Il cerchio azzurro - Editoriale  

 

 

       

I componenti de Il cerchio azzurro credono che l'arte, la musica e la poesia siano le vere dimensioni espressive dell'uomo. Il resto ci separa dalla nostra autentica essenza, poiché, come recita un celebre verso di Hoelderlin, "poeticamente abita l'uomo su questa terra". Quindi il senso dell'uomo e del mondo è depositato nell'arte con le sue molteplici espressioni.

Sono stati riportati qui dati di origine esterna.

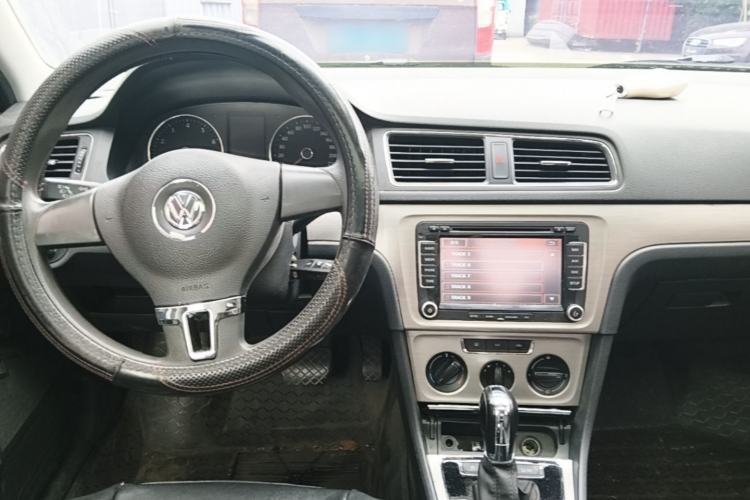 Used Volkswagen Lavida 2014 1.4TSI DSG 30th Anniversary Edition Center Console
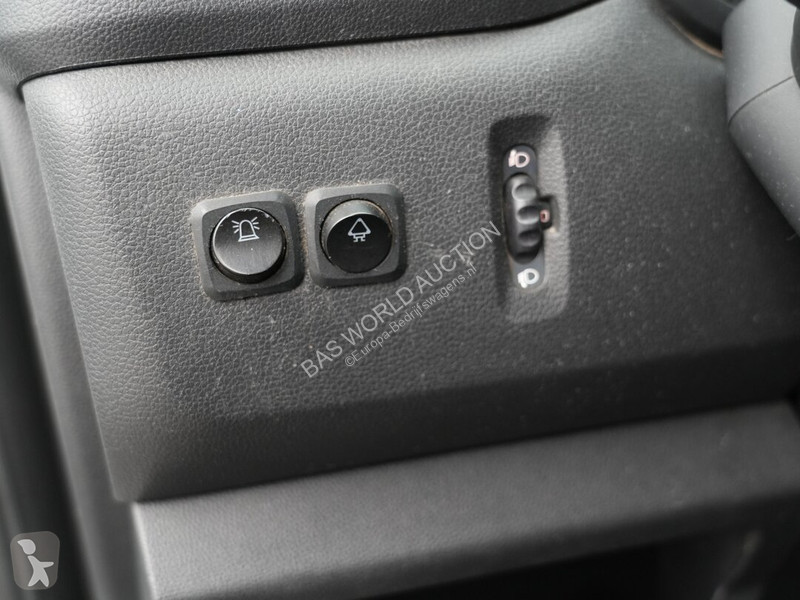 Furgoneta Renault 135PK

Il nome del gruppo è nato dalla lettura di una poesia di Vittorio Bodini, noto ispanista, nel cui titolo ci si riferiva per l'appunto a un cerchio azzurro; e quindi per noi, uniti dalla medesima forte passione per la poesia, le arti visive e la musica, la scelta è stata naturale, da un lato in quanto il colore ci richiamava alla mente il fiore azzurro di Novalis, l'attimo azzurro di Trakl, "Il cavaliere azzurro" di Marc e Kandinskij, Gli amanti azzurri di Chagall e altro ancora; dall'altro perché la figura del cerchio ci dava il senso dell'unità delle arti e della condivisione dell'esperienza artistica.

Le direttrici fondamentali della nostra proposta culturale sono la ricerca e la contemporaneità.
A nostro avviso, ricerca è come intraprendere un viaggio per raggiungere e dissodare terre inesplorate. Qualcuno potrà chiedersi, legittimamente, in quale direzione ricercare. Ebbene, non è possibile dare una risposta univoca o aprioristica: ognuno di noi reca con sé la mappa della propria inquietudine, dei propri desideri, dei propri sogni. Perciò ricerchiamo per evadere dal mondo attuale, per far diventare i sogni realtà, per scoprire l'ignoto che in noi, per creare nuovi miti, nuovi stili, per il gusto di sperimentare e via dicendo.

La contemporaneità è, invece, ciò che ancora riesce a parlarci, a trasmetterci emozioni, significati, simboli, mondi in cui abitare.
Il Cerchio Azzurro punta all'incontro fecondo tra le arti o, se si vuole, alla non-separatezza tra le diverse esperienze artistiche: con questo spirito si darà spazio sul nostro sito a chi, tra i giovani, sta cercando di elaborare qualcosa di nuovo e, possibilmente, di originale, nonostante la magmaticità della situazione attuale delle arti, il non-senso, la dispersione dei linguaggi e la disgregazione delle forme.